2. Description of the Related Art
Analog-to-digital converters (ADCs) convert analog input signals to digital output signals with a resolution that determines the number of bits in the converted signals. For example, FIG. 1 shows an exemplary pipelined ADC 20 which includes a sampler 22 that provides samples of an analog input signal Sin and N cascaded converter stages 24 that partition the conversion of these samples to a digital code.
Each pipelined stage converts a respective analog signal to that stage""s predetermined number m of digital bits and passes an amplified residue signal to a succeeding converter stage. As the succeeding converter stage converts its received residue signal in a similar manner, the preceding stage is converting a succeeding analog input signal.

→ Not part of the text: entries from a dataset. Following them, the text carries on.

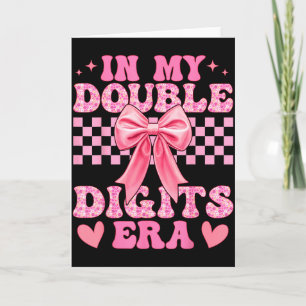 Carte À l'ère de mes doubles chiffres 10e anniversaire C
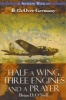 Half A Wing, Three Engines And A Prayer - B-17's Over Germany (Paperback, 2nd Revised edition) - Brian D ONeill Photo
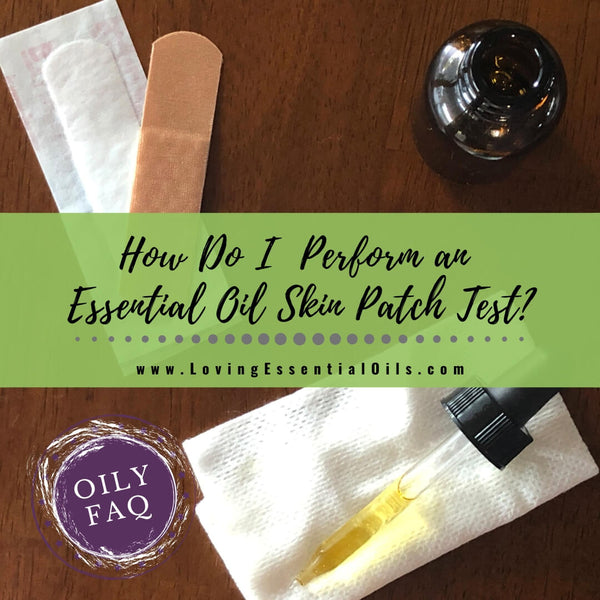 How To Do An Essential Oil Skin Test - Oily FAQ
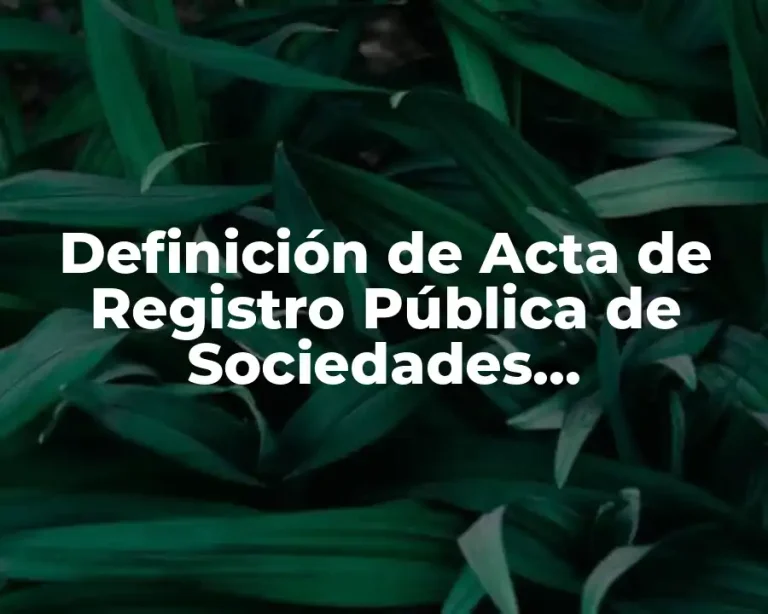 Definición de Acta de Registro Pública de Sociedades Cooperativas
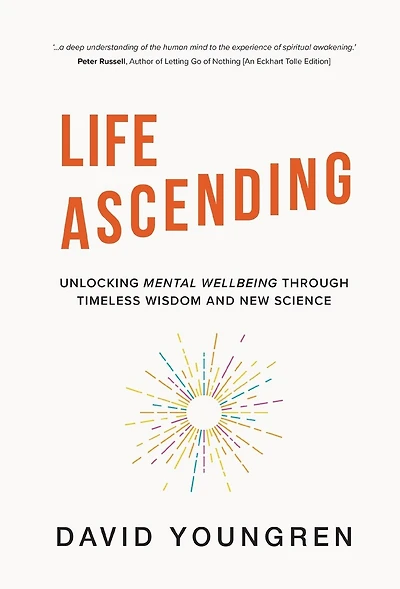 Life Ascending: Unlocking Mental Wellbeing Through Timeless Wisdom and New Science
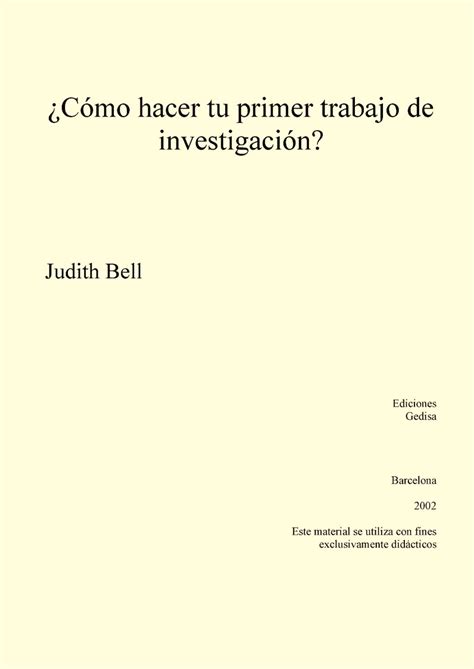 C Mo Hacer Tu Primer Trabajo De Investigaci N Judith Bell Freelibros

All converter stages, therefore, are simultaneously converting succeeding analog input signals to their respective digital bits with final converted words issuing at the same rate as the sampling rate of input analog signals.
Broken lines 26 in FIG. 1 indicate that the ith converter stage, for example, comprises an mi-bit ADC 30 which provides digital bits Di and also comprises an mi-bit digital-to-analog (DAC) 32 that converts these bits to an analog signal which is subtracted in a summer 34 from this stage""s respective analog input to form an analog residue Ri that is amplified in a respective amplifier 36 with a respective gain Gi and passed to a successive converter stage.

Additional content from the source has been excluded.